And Wonwoo was still here, stuck in his in-between. Two years of service, a rigid routine, long days stacked on each other like paper. The pride of doing his duty didn’t always outweigh the fear: that he was growing smaller in the distance, that Junhui’s life would get too full without needing him in it.

Sometimes, when Junhui spoke about the things he was doing, the people he was meeting, the places he’d been; it made Wonwoo’s chest ache in ways he didn’t have the words for.

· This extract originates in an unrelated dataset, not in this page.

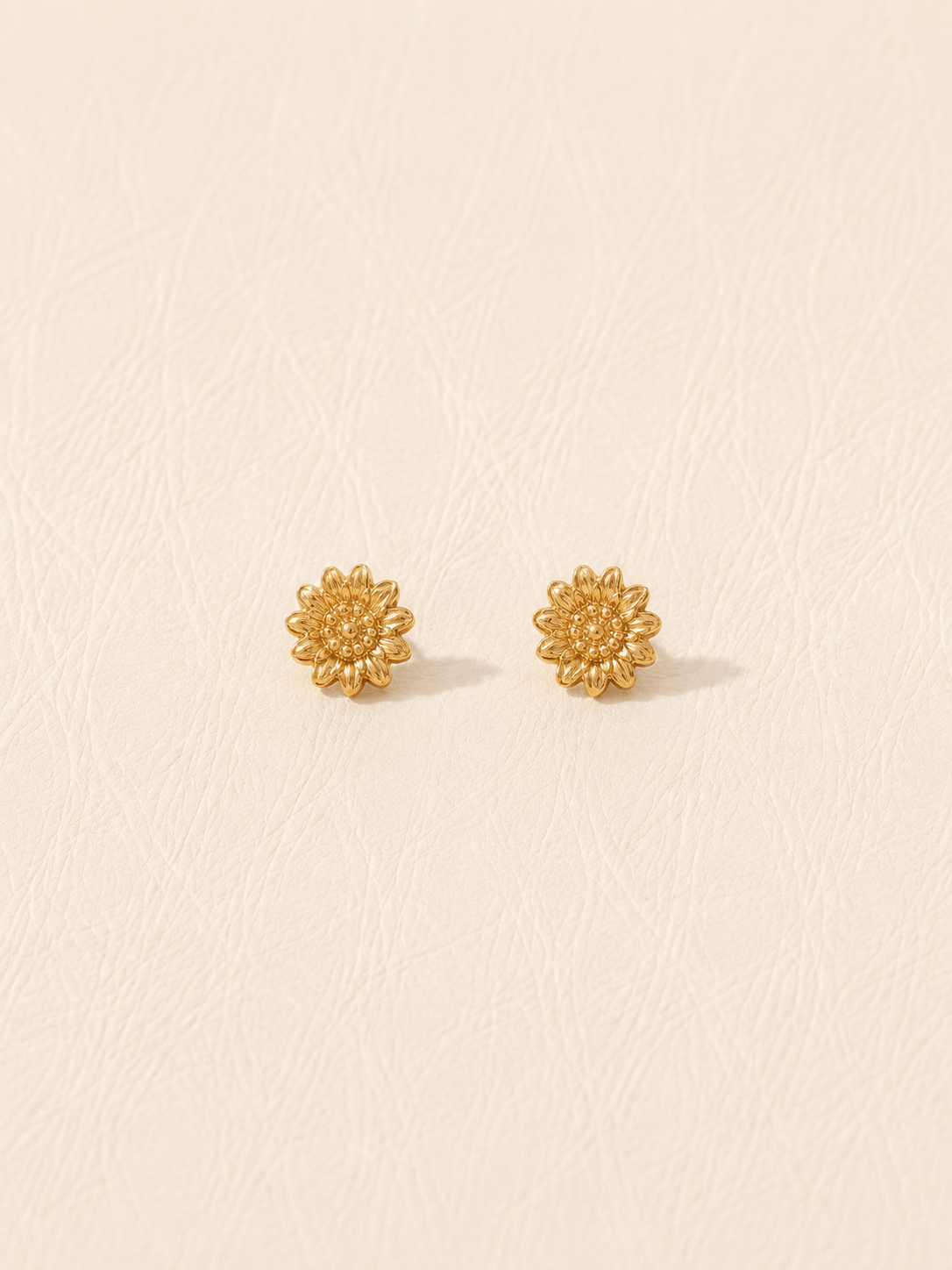ISABEL STUDS GOLD VERMEIL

Not because he didn’t want those things for him, but because part of him was still terrified of being left behind.

His thoughts were broken by the sudden tap of chopsticks against his cheek. 

“Wonwoo-yah,” Junhui said with a small smile, slightly curved like he was trying not to laugh. “Don’t fall asleep on the hotpot.”

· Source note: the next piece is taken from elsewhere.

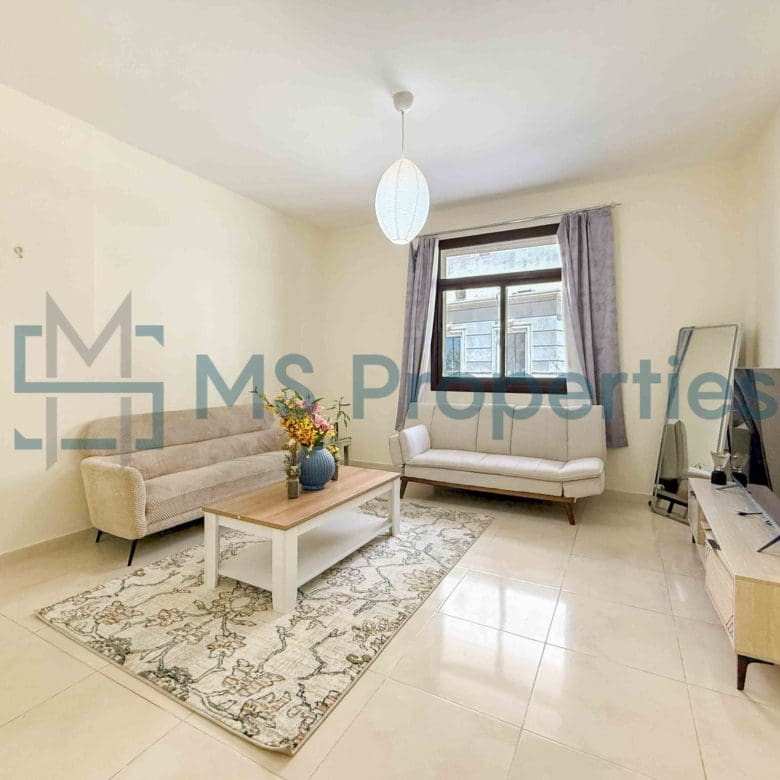Stunningly Furnished 1BHK Flat in Prime Location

Wonwoo blinked, startled, and then let out a breathy laugh, the corner of his mouth tugging upward. “No, I’m not.”

Junhui looked at him carefully, as if waiting for the smile to reach deeper than his lips. “Are you okay?”

“What?” Wonwoo said too quickly. “Yeah. I’m fine.”

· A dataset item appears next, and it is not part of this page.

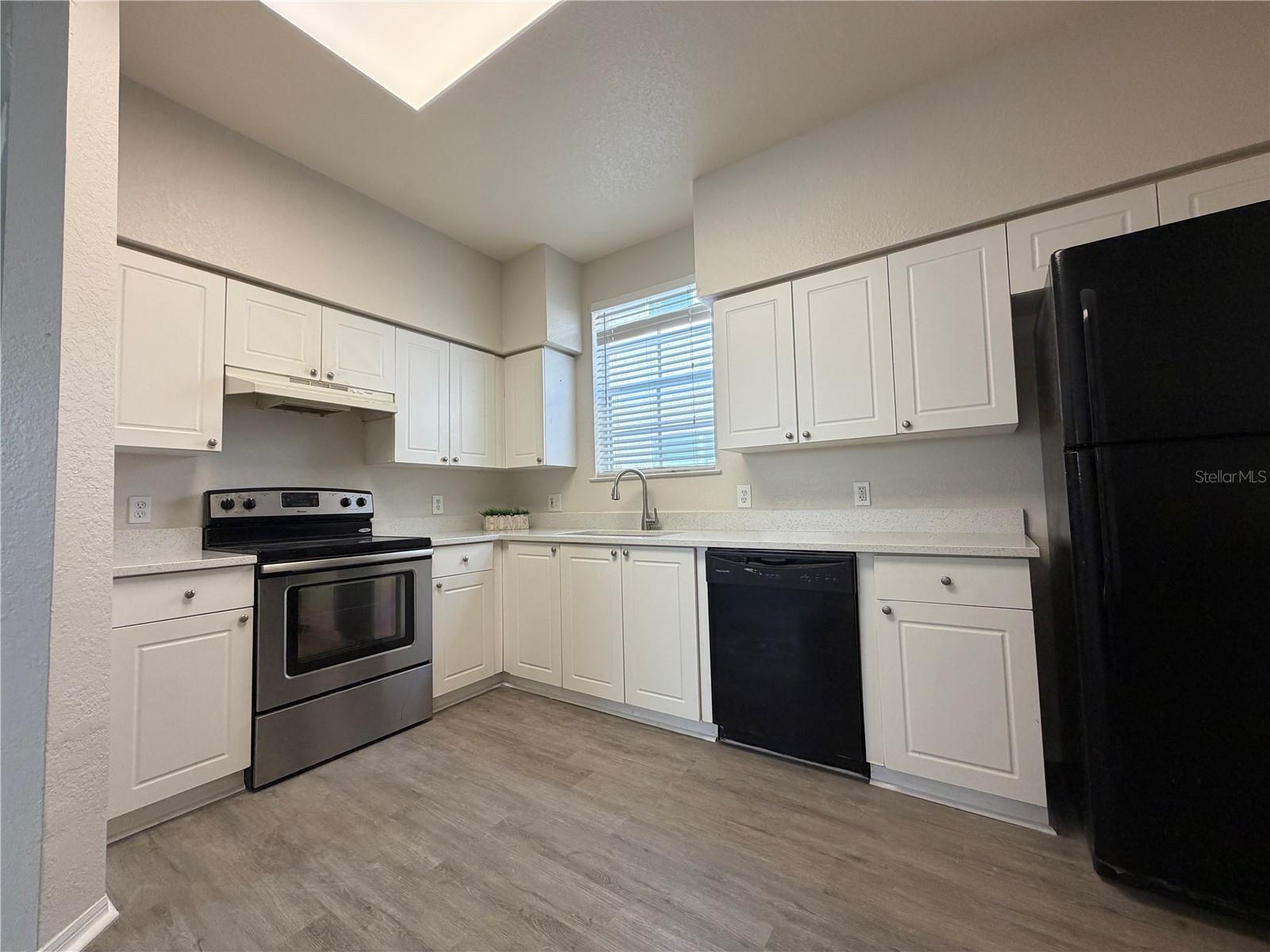 4005 PALMETTO PALM CT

Junhui didn’t push and nodded softly, with a little shrug of the shoulder, he’d decided to give Wonwoo the space to be half-honest just for now.

“Okay then,” he said.

And then, just as Wonwoo was about to retreat into silence again, Junhui’s voice returned. Somehow steadier, Junhui was indeed saving the words for the exact right moment.

“I hope you know that I miss you.”

For a moment, Wonwoo couldn’t breathe. Like something has taken over him completely; an overwhelming warmth that swells in the chest before it spills into something brighter. Junhui’s words echoed in his ears, clearing out every lingering shadow that had been spiraling through his mind only moments ago. Just like that, the heavy fog of insecurity lifted, if only a little, if only for now.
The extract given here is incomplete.